とともに筑後歌壇の四天王と呼ばれ、歌人としての名声が全国にひろまることになりました。

 

 その一方で、立花鑑寛公の協力を得て白縫会を設立し、続いて扶桑会、山門会、福岡の福陵会なども主宰するかたわら、岡山の齋垣内会や久留米の千歳会や西日本新聞歌壇の選者をも努めるなど、精力的に活動しました。歌集に「松園詠草」、「松廼落葉」、紀行文に「東の家包」などがあります。

 

   郷土史研究の業績 

 

 翁は郷土史にも造詣が深く、山門の遺跡、伝説、口碑などの掘り起こしや研究にも力を注ぎました。かつて師事した高良神社の宮司船曳鐡門の許で高良山の神籠石を調査した経験を生かし、瀬高町女山の列石を神籠石と断定して考古学界の注目するところとなりました。郷土の遺跡や地理、地名の由来、行政区の変遷などを自ら歩いて調査、収集し、見聞きしたままを記録してまとめた「若菜籠」は、貴重な郷土誌です。

 

鷹尾神社の県社昇格に貢献

 

翁は、当時の大和村の産土鷹尾神社八幡宮の氏子総代のひとりとして、同社に保管されていた800年以上も前の古文書をひもといて、その沿革を調べ、 

神宮皇后腰掛石などの由来も含めてその歴史を明らかにしました。

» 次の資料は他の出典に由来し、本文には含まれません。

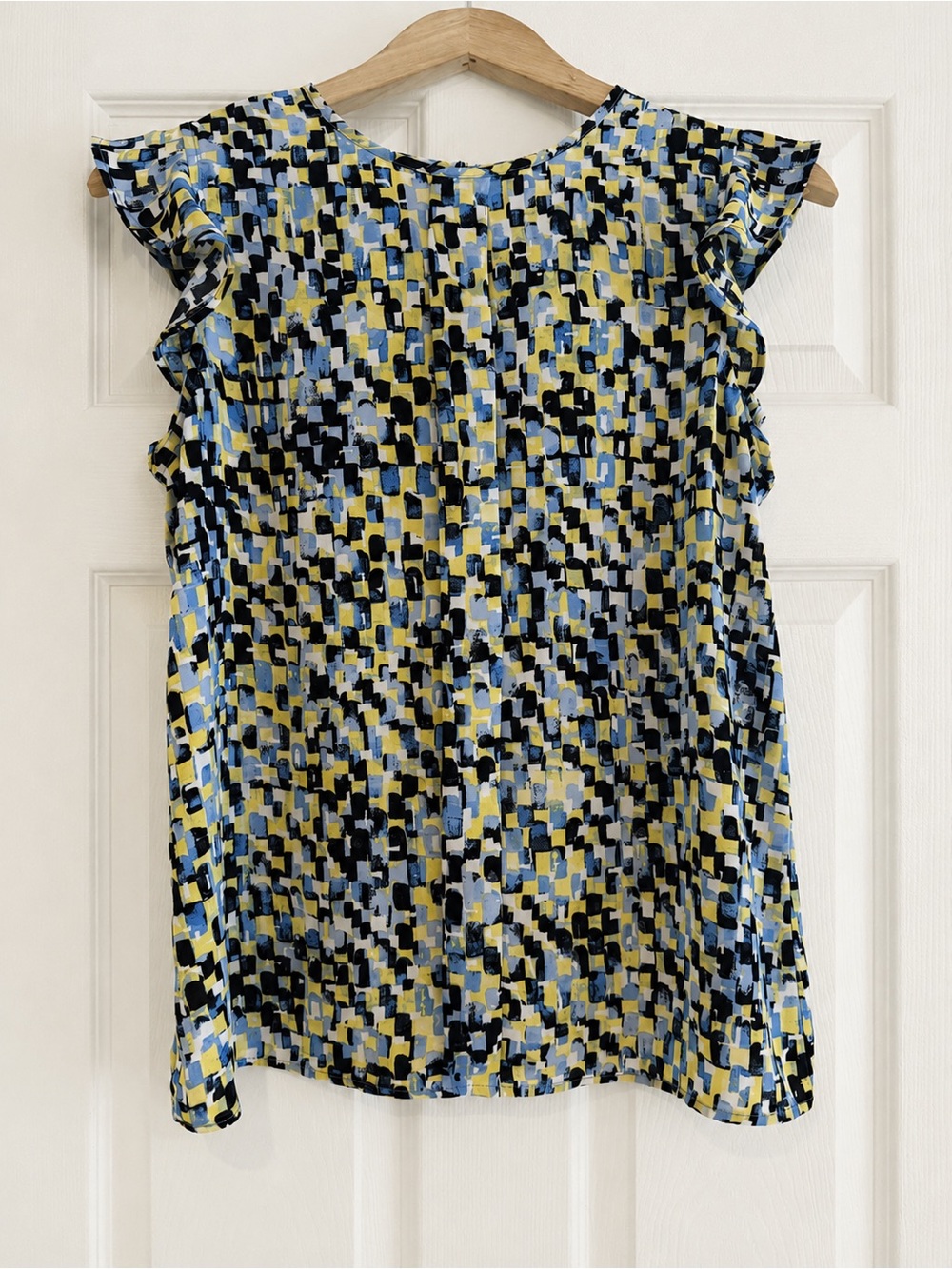 Anne Klein Blouse Womens M Blue Yellow Abstract Hidden Button Flutter Sleeve Top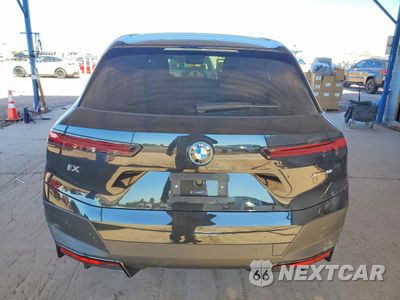 Zdjęcie 6 z 13 samochodu: 2025 BMW IX M70 VIN:WB523CF06SCU57420 - miniatura
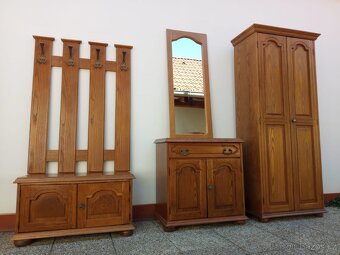 Rustikální předsíň, komoda, zrcadlo, masív - 16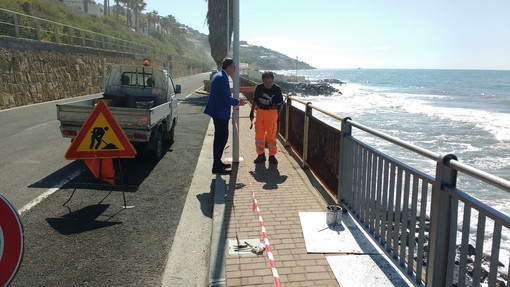 Sanremo: 100 mila euro per la realizzazione del nuovo impianto di illuminazione pubblica di Strada Tre Ponti e per la sua riqualificazione Sanremo: 100 mila euro per la realizzazione del nuovo impianto di illuminazione pubblica di Strada Tre Ponti e per la sua riqualificazione
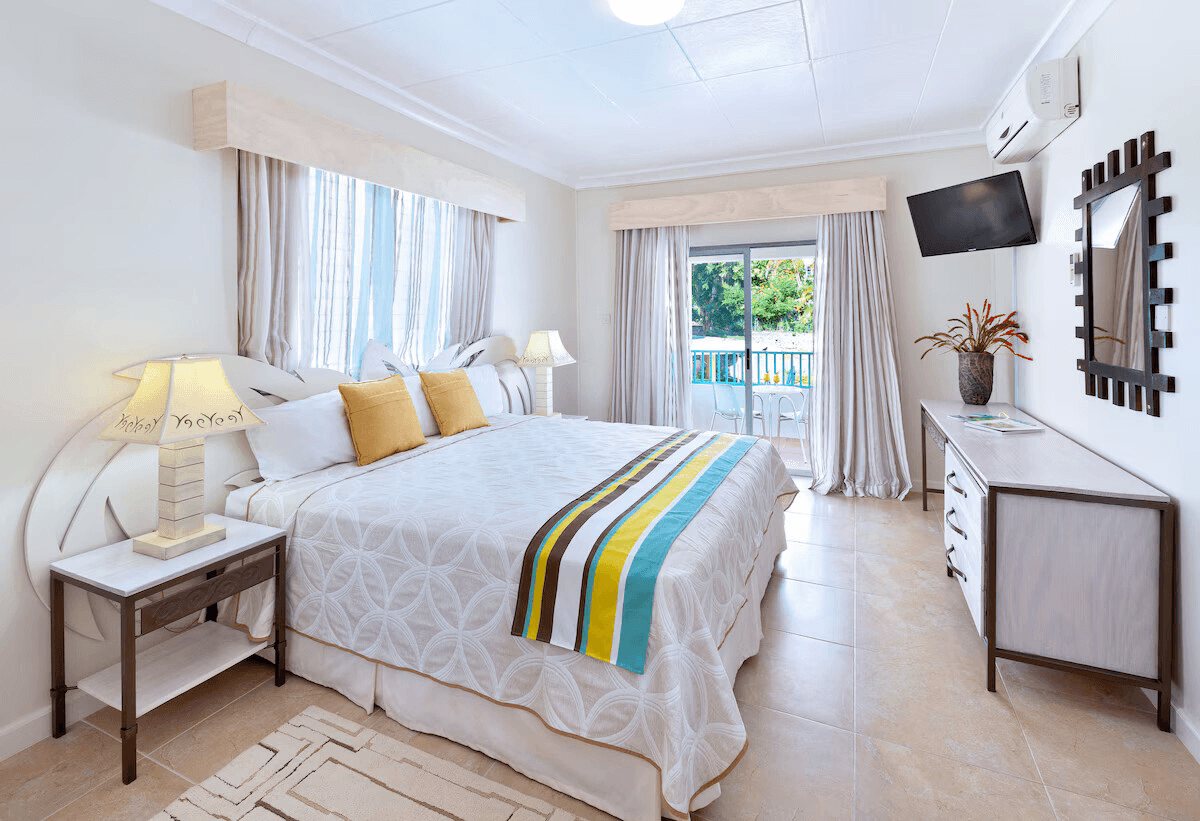 Rockley Beach Queen Suite | Breakfast & Pool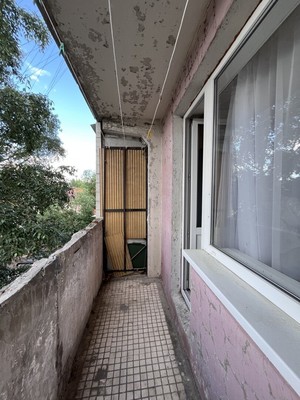 Продам трехкомнатную (3-комн.) квартиру, Дмитровская ул, 33а, Базарово д
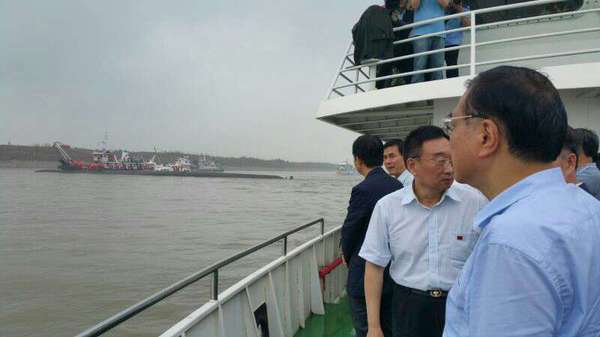 人民网监利6月2日电 （记者杨芳）李克强总理抵达监利事件现场后，迅速登船来到长江江心、距离翻沉船只仅五六十米处，与专家紧急商讨最佳施救方案。5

その検証の成果を踏まえて、内務省に郷社鷹尾神社の昇格を申請し、県社として認められることになりました。

 

   地域の農業の振興に尽力

 

帰郷して間もなく、山門郡農会と山門郡進農会の幹事として勤めることになった翁は、長崎から馬鈴薯の種芋を取り寄せて、スノーフルクというその品種の栽培法や収穫してからの製粉法などを指導しました。翁の熱心な呼びかけで馬鈴薯を栽培する農家が増え、後にはそれが山門郡の特産物となり、農家の家計を支えることにつながりました。

 

また進農会の副会長時代には、広島にまで視察に赴き、稲二培作の成果と肥料についても学んで、その普及に努めるなど、地域の農業の振興に力を尽くしました。

 

没後12年に歌碑建立

 

石田昌翁が亡くなって12年後の昭和35(1965)年に、歌の門弟や鷹尾地区の有志及び石田家の寄金によってその歌碑が鷹尾神社の境内に建立されました。

 

また昌が蒐集し、整理した古文書は熊本中世史研究会より「筑後鷹尾文書」として公表され、重要文化財の指定を受け、考古学者の貴重な研究資料としてしばしば学術書で紹介されています。